Know your rights: What to do if you’re pulled over

Students and staff were trained on handling encounters with campus and state police officers during a Know Your Rights workshop held by Black Students United (BSU) last Wednesday, Feb. 8. Attendees were educated on their rights, some of which are not always taught. 

Know Your Rights is one of several events the BSU has planned during Black history month. “You don’t want to just bow down. Stand firm in your rights,” advised Miriam Smith, local political activist and co-founder of the Monterey Black Lives Matter chapter. 

Smith provided a long list of tips and information to help students understand that “the law is always on your side, you just have to know how to work it.” She advised you only to crack open your window and to “fight every ticket you get – the majority of the time, the reason for the ticket is not accurate.” 

Smith’s two most significant pieces of advice were to start recording the second you’re pulled over and remember your right to stay silent.
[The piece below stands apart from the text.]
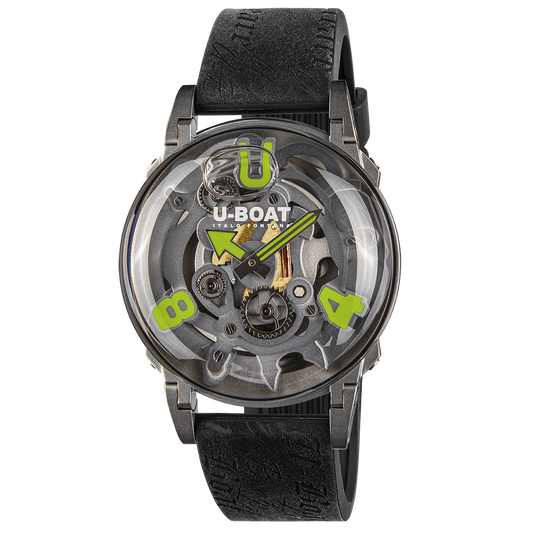U-Boat U-65 Men’s Black Green Watch 3350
Smith assures that as public servants, officers have no constitutional right to privacy while on the job. So even if you are pressured to stop recording, never give in. 

She also spoke incredibly passionately about one’s right to silence when being pulled over. 
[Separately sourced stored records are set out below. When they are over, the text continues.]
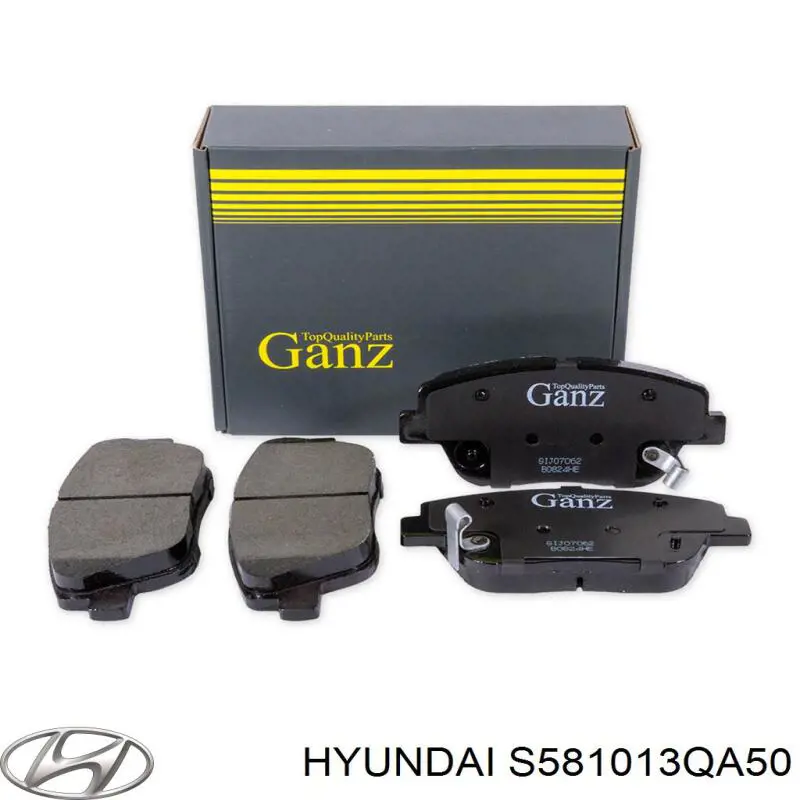 Передние тормозные колодки S581013QA50 Hyundai/Kia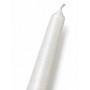 Set 2 Candele Graffiate da 25 cm Bianche
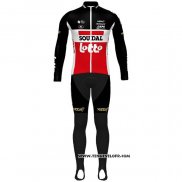 2020 Maillot Cyclisme Lotto Soudal Noir Blanc Rouge Manches Longues et Cuissard(1)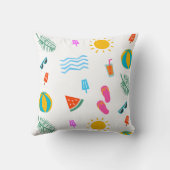 夏のビーチパターン装飾用クッション クッション (裏面)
“You have every right to say no or not answer a question… It’s your duty not to be a witness against yourself,” explained Smith. Another thing people may not be aware of is that an officer is required to tell you what you’re being pulled over for before they ask for your license – if there’s no articulable reason for the stop, don’t feel pressured to hand over your license. Instead, make it respectfully known that you know your rights and simply ask, “Am I free to go?”

It may seem daunting, but Smith said “if [officers] know you know your rights, they’re less likely to harass you.” 

Smith also works with the local organization Community 831, which aims to teach volunteers how to de-escalate situations and act as emergency responders in place of police officers.

Students at the event voiced their concerns over the amplified police presence on campus. “A professor and student were late to a class I was in because they got held up trying to diffuse a situation where a black woman was pulled over on campus and was being antagonized by UPD,” said fourth-year Jojo Cook.

Cook shared that she’s heard more stories of the university police pulling over students and arguing verbally rather than stories of stopping “partying or drug busting.”

To get involved with Community 831, contact [email protected]
or call (831) 747-5880.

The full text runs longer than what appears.